What’s interesting is that Bale has said he wanted to find the humanity in Cheney, to get away from the idea that he’s “all villain,” and that even abhorrent people like him can still make wonderful company. But the film doesn’t take that approach. Instead, it leans completely to the left, which is a shame, because a neutral position would have made Cheney a more interesting filmic character and demystified him as a looming political figure. And while do see some of his humanity, as when he tells his youngest daughter, Mary (Allison Pill), that “We will accept you no matter what,” when she tells him and Lynne she’s a lesbian, the film makes it a point to show he went back on this promise when his eldest daughter, Liz (Lily Rabe), made a bid for Wyoming senator and refuses to support same-sex marriage. I realize this really happened, but the film’s biased position comes across too heavily and doesn’t allow enough time to show or even suggest that perhaps Cheney really struggled with his decisions. It doesn’t entertain the possibility that he wasn’t always so hasty and impulsive just to maintain power. Its strict point of view limits our engagement with the material.
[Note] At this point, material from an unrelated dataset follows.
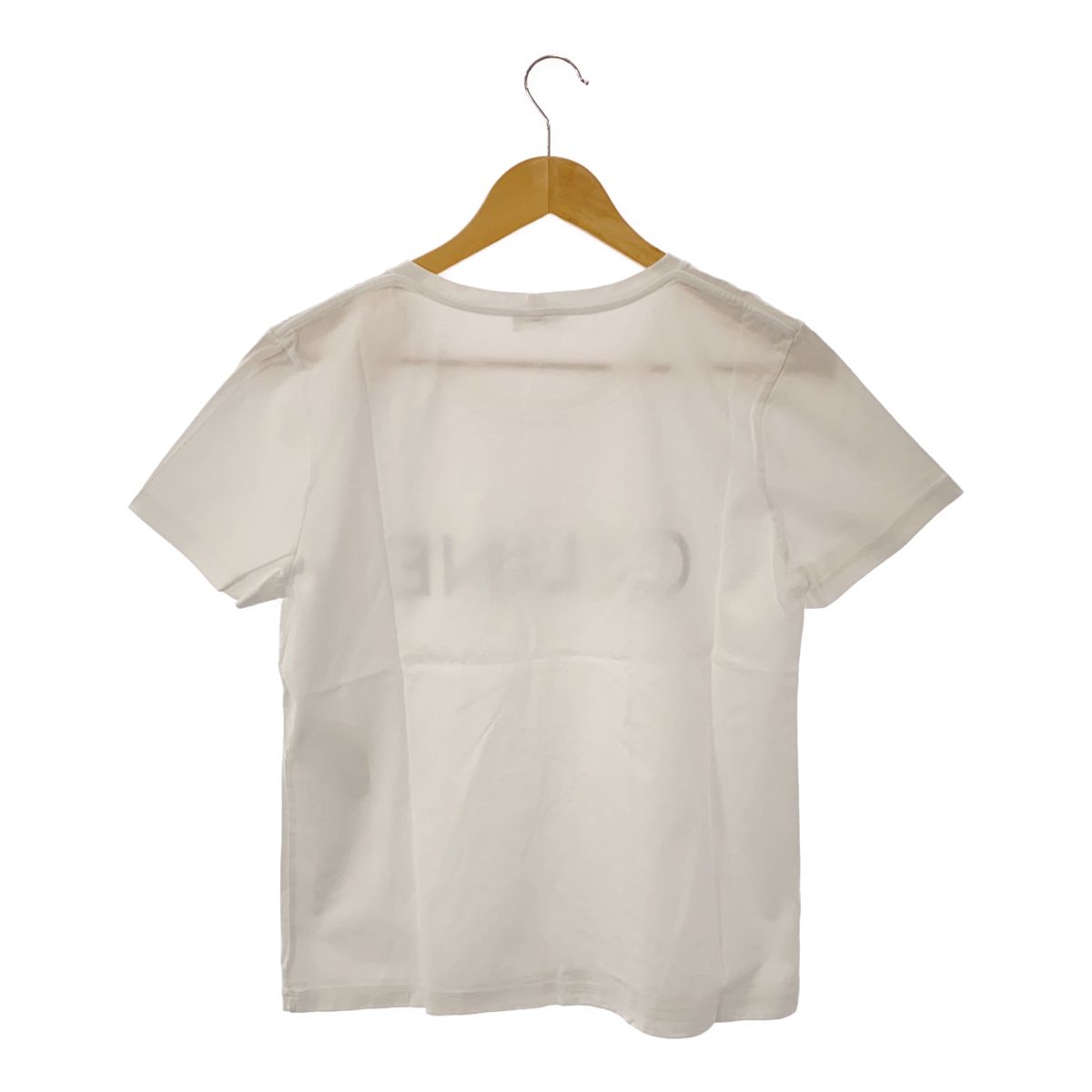 CELINE セリーヌ ロゴ Tシャツ 白 ホワイト 2X314916G ブランド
For me, “Vice” ultimately accomplished too little in its attempt to tell me something new about Dick Cheney that I didn’t already assume, and I’ve a feeling most viewers of my liberal persuasion will feel the same way, while those on the other end of the spectrum will see it as just another attack from the left. This makes us wonder what the value of the film is and has us asking, why see it? Despite McKay and his cast’s valiant efforts, I can’t provide a good answer. Oddly enough, after reading Cheney’s autobiography, McKay thought to himself, “This is a guy who has really done everything he can to not have a movie made about him.” Perhaps he should have heeded that thought more and moved on to another project.